Oren who is on extension of his second two year term told reporters in Jerusalem that there was no truth in the story, adding that it was not the first time that such rumors had surfaced.
He was interviewed at the opening of the Foreign Ministry's fourth annual Heads of Israeli Missions Conference which will continue through January 3.
Notwithstanding reports about cracks in the relationship between the US and Israel, Oren said that according to the most recent surveys American support for Israel was at all time high, not only amongst the public but also with regard to the administration and Congress. Support for Israel is always one of the bipartisan issues in the US he said.
In response to a question about construction on the West Bank, Oren replied that the Americans were not particularly angry on this score.

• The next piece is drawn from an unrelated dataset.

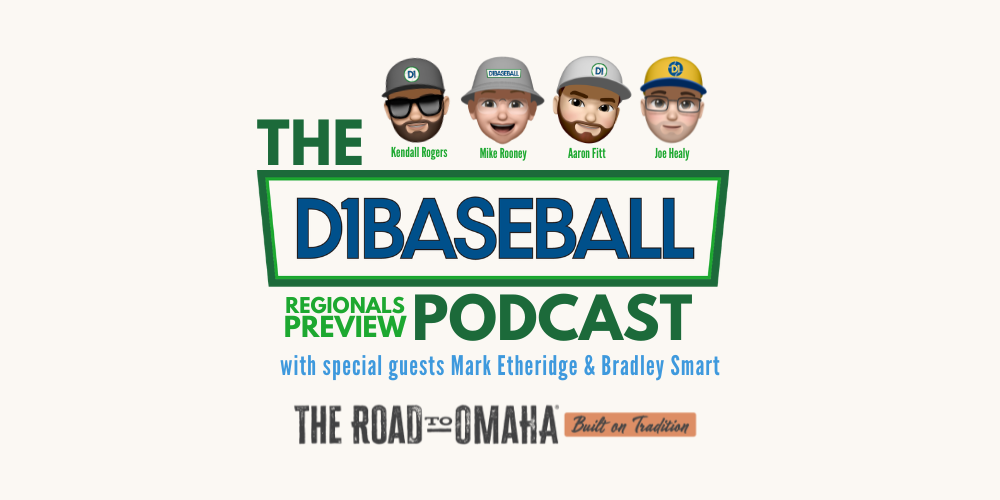 2026 NCAA Regionals Preview &ndash; The D1Baseball Podcast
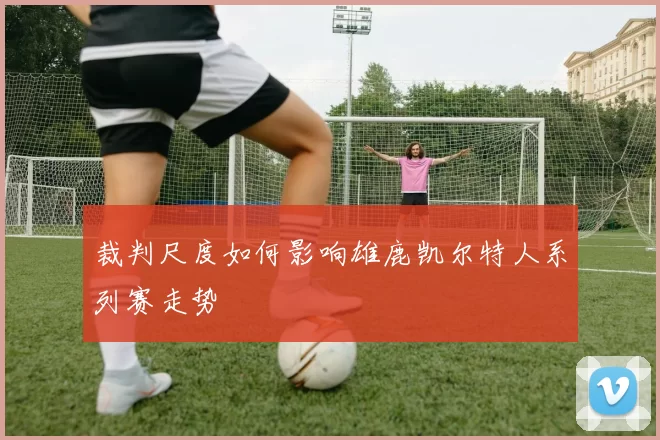 裁判尺度如何影响雄鹿凯尔特人系列赛走势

It has been a matter of dispute for a long time he said but there can be differences among even the best of friends, he noted,
Stills photographers and television camera crews focused primarily on Yossi Gal, Israel's ambassador to France and a former director general of the Foreign Ministry who sat on the ministry's appointments committee which was allegedly influenced by then Foreign Minister Avigdor Liberman who wanted to appoint Zev Ben Aryeh Israel's former ambassador to Belarus to the position of ambassador to Latvia.
Ben Aryeh has been convicted of breach of trust for passing classified information to Liberman about police investigations pertaining to the latter. It was believed in some quarters that the appointment to Latvia was Liberman's way of rewarding him. Liberman did not report the incident and on Sunday was charged with fraud and breach of public trust. Gal can either corroborate or deny statements made by Deputy Foreign Minister Danny Ayalon insofar as what Liberman did or did not do. Ayalon has given two conflicting versions of the story.
Also in focus was Israel's ambassador to China Matan Vilnai who received his appointment just in time to avoid being a victim of the collapse of the short-lived Independence Party headed by Defense Minister Ehud Barak who has announced his withdrawal from political life.
Vilnai declined to be interviewed but when asked whether he preferred being a politician to being a diplomat, he mumbled that he liked what he was doing now.
Oren who overheard the question and the answer laughed and commented that it was all politics.